The import process, even on good hardware, can take several weeks for the full planet. The database will take approximately 1 TB as of April 2012.
For more information, please see the detailed usage page for Osmosis.
pgsnapshot
The pgsnapshot schema is a modified and simplified version of the main OSM DB schema which provides a number of useful features, including generating geometries and storing tags in a single hstore column for easier use and indexing. JXAPI's schema is built on pgsnapshot.
imposm
Imposm is an import tool, and is able to generate schemas using a mapping which is fully configurable. As such it really shouldn't count as its own schema, but it needed fitting in somehow. The ability to break data out thematically into different tables greatly simplifies the problem of indexing performance, and may result in smaller table and index sizes on-disk.
nominatim
Nominatim is a forward and reverse geocoder. The database is produced by a special back-end of Osm2pgsql. It is a special-purpose database, and may not be suitable for other problem domains such as rendering. The Nominatim homepage provides links to the detailed technical documentation, change logs, etc.
ogr2ogr
The OGR library can read OSM data (XML and PBF) and can write into various other formats, including PostgreSQL/PostGIS, SQLite/Spatialite, and MS SQL databases (though I've tried only PostGIS). The ogr2ogr utility can do the conversion without any programming necessary with a schema configuration that's reminiscent of osm2pgsql. One interesting feature is that it resolves relations into geometries: OSM multipolygons and boundaries become OGC MultiPolygon, OSM multilinestrings and routes become OGC MultiLineString, and other OSM relations become OGC GeometryCollection.

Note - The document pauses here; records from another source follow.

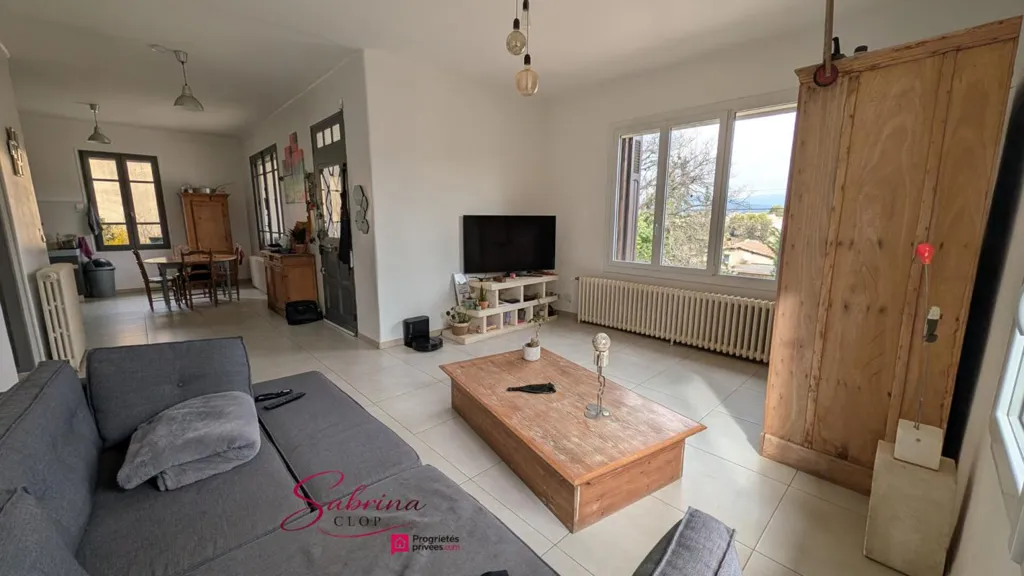 Séjour - Maison Rénovée avec Terrasse à Apt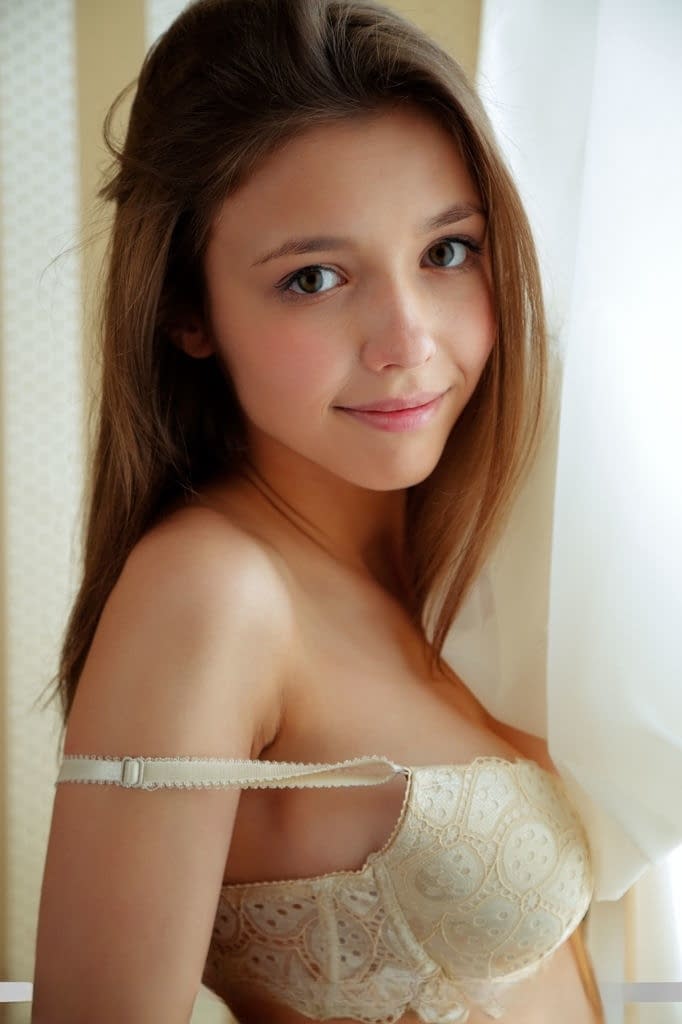 身材娇小的少女米拉-阿苏尔(Mila Azul)在露出光秃秃的阴部之前,揭开了天然大奶子的神秘面纱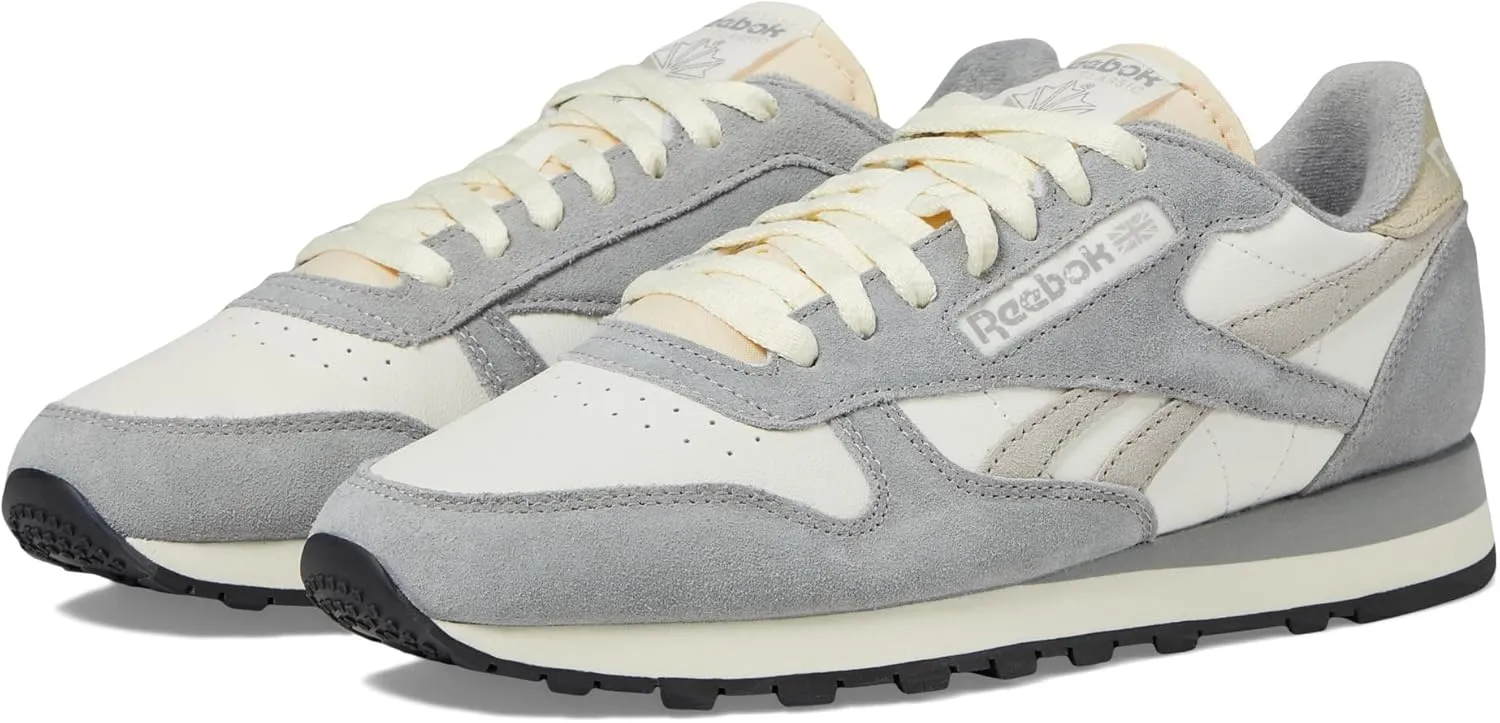 Reebok Unisex Classic Leather Sneakers Legacy, Chalk/Grey 3/Moonstone, 11 US Men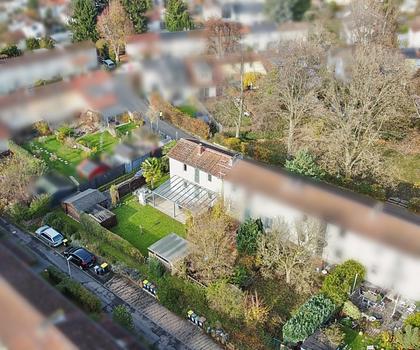 *Erbbaurecht*Charmantes Reihenendhaus mit Gartenidylle  in ruhiger Lage am Frankfurter Berg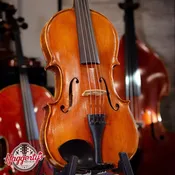 16" Krutz Artisan 750 Series A675 Viola with Case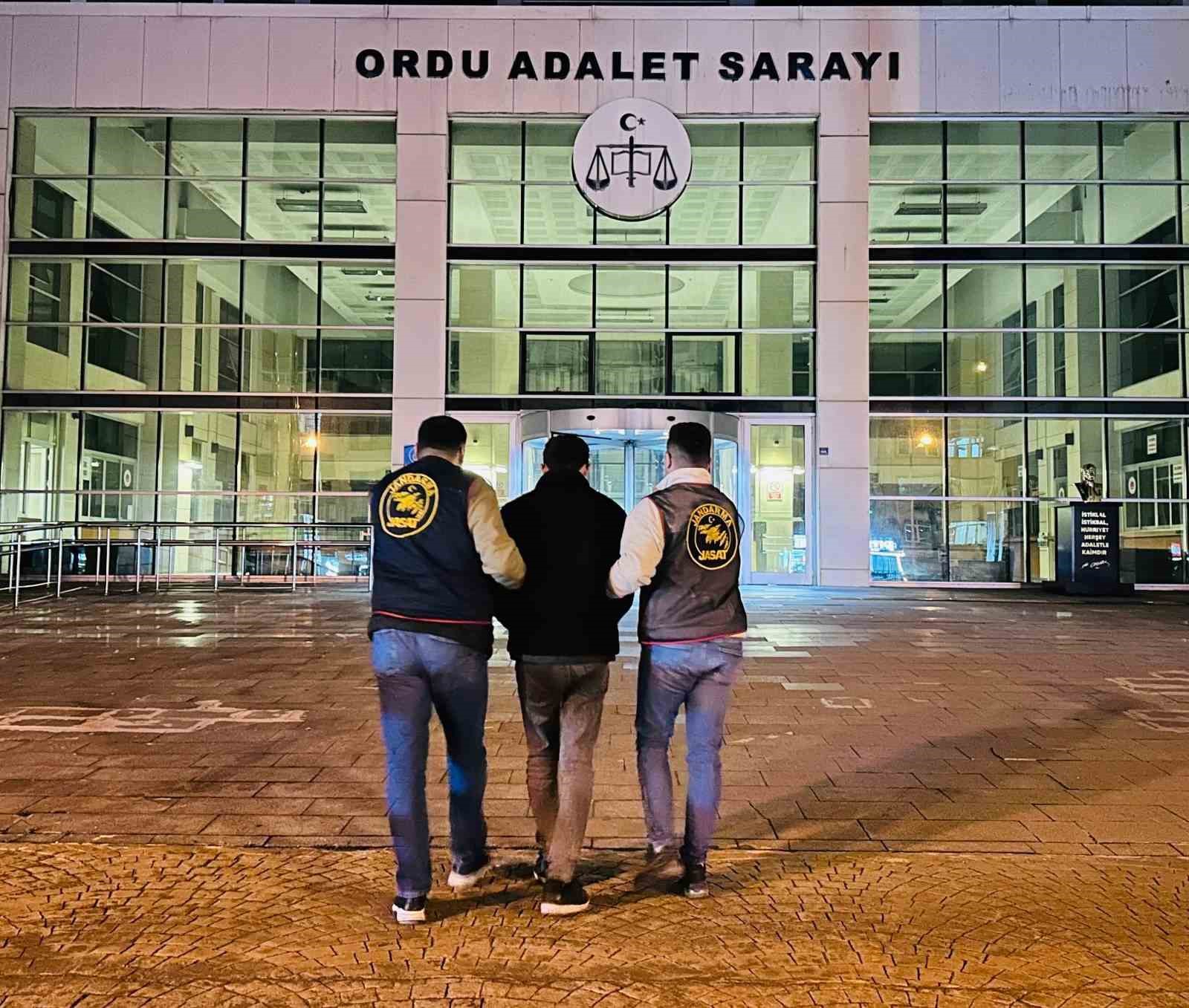 Ordu’da jandarma aranan 40 şüpheliyi yakaladı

It is listed as lossy because membership info, such as nodes in ways and relation members, is not preserved. Metadata is optional. Untagged/unused nodes and ways are optional.
overpass
The Overpass_API is a query language built on top of a custom back-end database with software called OSM3S (see OSM3S/install for install and setup instructions). This is a custom database engine and it is therefore hard to compare it with other database schemas. You could recreate the complete planet file from the database. It is geared to have good performance on locally concentrated datasets.
osmsharp
OsmSharp is a toolbox of OSM-related routines, including some to import OSM data into Oracle databases.
mongosm
MongOSM is a set of Python scripts for importing, querying and (maybe) keeping up-to-date OSM data in a MongoDB database.
node-mongosm
Inspired by mongOSM, Node-MongOSM uses Mongoose to provide schemas and insert vs upsert options via a command line interface.
osmium
The Osmium toolset can read OSM data and with osmium export can write into PostgreSQL/PostGIS.
Objects are loaded into a single osmdata table with column geom and tags.
OSHDB
The OSHDB is a high-performance data analysis framework for analysing OSM's full-history data. Data can be stored in a relational (JDBC) or distributed database (Apache Ignite).